March 4th, 2004 · 2 Comments

A friend loaned us Frances Cavanaugh’s Abe Lincoln Gets His Chance, historical fiction for children, and we had fun reading it together. The girls learned a lot and I did too.

Two observations:

1) According to the book, Lincoln’s wife Mary Todd was a woman who declared she would marry “a man who will be President of the United States”. She had many suitors. One of them was Stephen Douglas, who would later run against Lincoln in the 1860 presidential election. But, at least in this book, Mary is quoted as saying “Abe Lincoln has the better chance to succeed.” She chose Lincoln and he was the one who became president.

Remember those jokes about a certain former first lady and how her husband had ended up as president? I think I remember one version that featured a gas station attendant as a suitor she had rejected.

Maybe there is some truth to that humor. Maybe in some way, a woman does make a man. Or a marriage helps make a man. (what impact am I having?!) Gives me another aspect to consider when considering Presidential candidates.

2) I was impressed to learn how Abe Lincoln educated himself. He ran a store and studied law in the morning and at night. He borrowed books and read them with a passion. From the story, it seems, at that time, he could educate himself mostly by his own motivation, taking a law exam and getting a license when he was ready.

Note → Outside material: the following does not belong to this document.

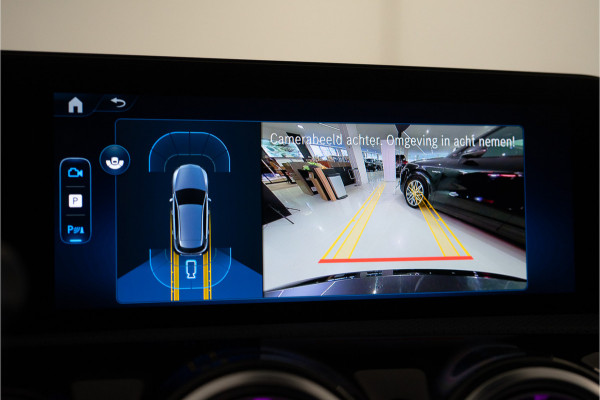 Mercedes-Benz A-Klasse 250 e Premium AMG Facelift 218PK | Pano | Keyless | Sfeer | Night | Fabrieksgarantie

His education, by self-motivation and flexibility, seems different from education today. To get a law degree, or any formal education, requires being in a certain place at a certain time and with certain finances to afford it. It is restricted to those who can satisfy all three, unlike Lincoln’s era, where he could study on his own time. All he had to find were books.

While reading the book, I wondered if the Internet could somehow allow education to return to a more flexible system, like the way Lincoln learned, where those who run businesses could also earn degrees, where motivation and the mind had more freedom, rather than being enslaved by time, place and cost of the classroom.

I know there are some programs like this now, such as Internet courses and M.B.A. programs at night, but I think it would be ideal for as many courses as possible to become more accessible on-line. I’d love to study some more. In the meantime I can give myself a proper education with my own motivation: I can read.

Tags: homeschool

2 responses so far ↓

  • 1 Kris Hasson-Jones // Mar 4, 2004 at 11:25 am

    As far as I know there are a least a couple of states where you can still become a lawyer by “reading the law” rather than going to law school. You are taken on as an apprentice by a practicing lawyer and you literally read through the books of law in that state, then you can take the bar exam.

  • 2 Julie // Mar 4, 2004 at 10:30 pm

    Cool. I wasn’t aware of that possibility. I wish other professions had similiar options: maybe they do?!